The noble Lord, Lord Davies, thinks that I have lost dignity. I was not thinking about dignity; for I think that when it is one's duty to protect people who are absent or Counsel who cannot protect themselves, a man should do what he thinks is right, whether persons are likely to attack him for so doing, or his method of doing it, or not. Apart from the single question of fact, I was not criticizing my colleague, Lord Atkin, at all. He was entitled to his legal views as my other colleagues and I are entitled to ours. Lord Atkin and I have sometimes differed before in judgments, but I should like to say that, speaking for myself, I have never differed from him without much hesitation.
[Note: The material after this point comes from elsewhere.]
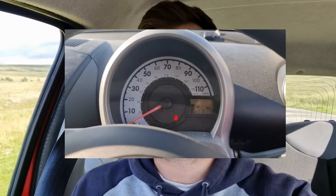Hey guys, welcome to Ledfoot TV. Today I'm going to show you how to turn the seat belt buzzer off on a Citroen C1, Peugeot 107, and Toyota Aygo.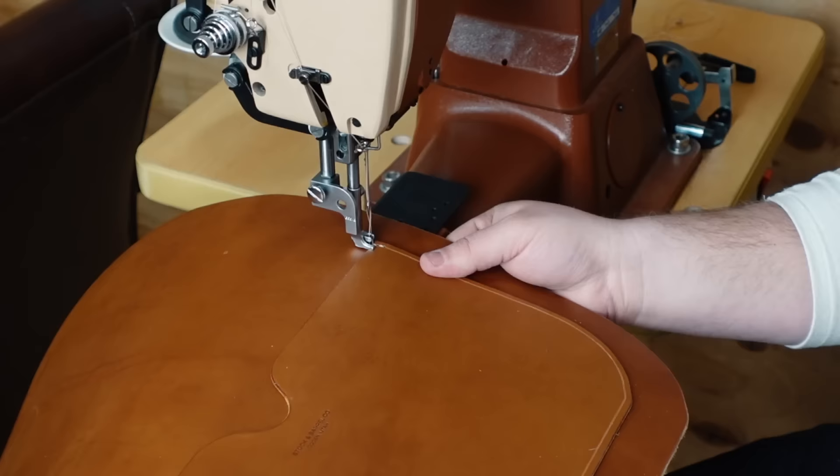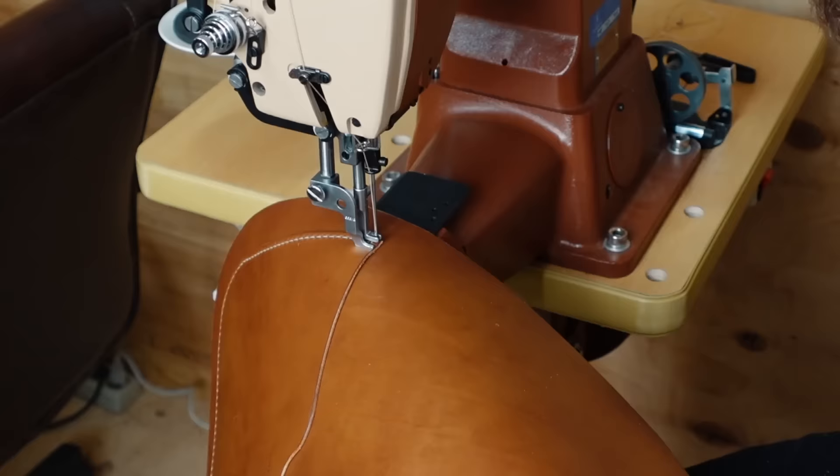Then I moved over to my Cobra Class 3 to stitch it with 207 thread. I want a pretty heavy stitch for the majority of this bag.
All I want to explain to your Lordships is that it seemed to me that the unusual course of writing my letter to The Times was the only course open to me after the judgments had been delivered if I wanted to defend Counsel. I have never been one of those lawyers who think they are always right. I may have misunderstood Lord Atkin's meaning. Moreover, "Live and let live is a pretty good maxim, even in times of war.

The sentence is this: In this case"— says Lord Atkin— I have listened to arguments which might have been addressed acceptably to the Court of King's Bench in the time of Charles 1. Of course, it is perfectly clear that no question of the Prerogative of the King or of the power of Parliament or of the Government was in issue on the two Appeals. It was simply a legal question of the true construction of an Order in Council, which could at any time be amended, made under the authority of an Act of Parliament. Lord Atkin's sentence was clearly not written in praise of ounsel, but it may not have been intended to bear the unpleasant signification which I and others thought the words might bear. If Lord Atkin should say or inform me or others that he did not intend to comment adversely on the conduct of Counsel in the matter, I will at once express my regret that I misunderstood him and that I wrote my letter to The Times. I thank your Lordships for your courtesy in listening to that explanation.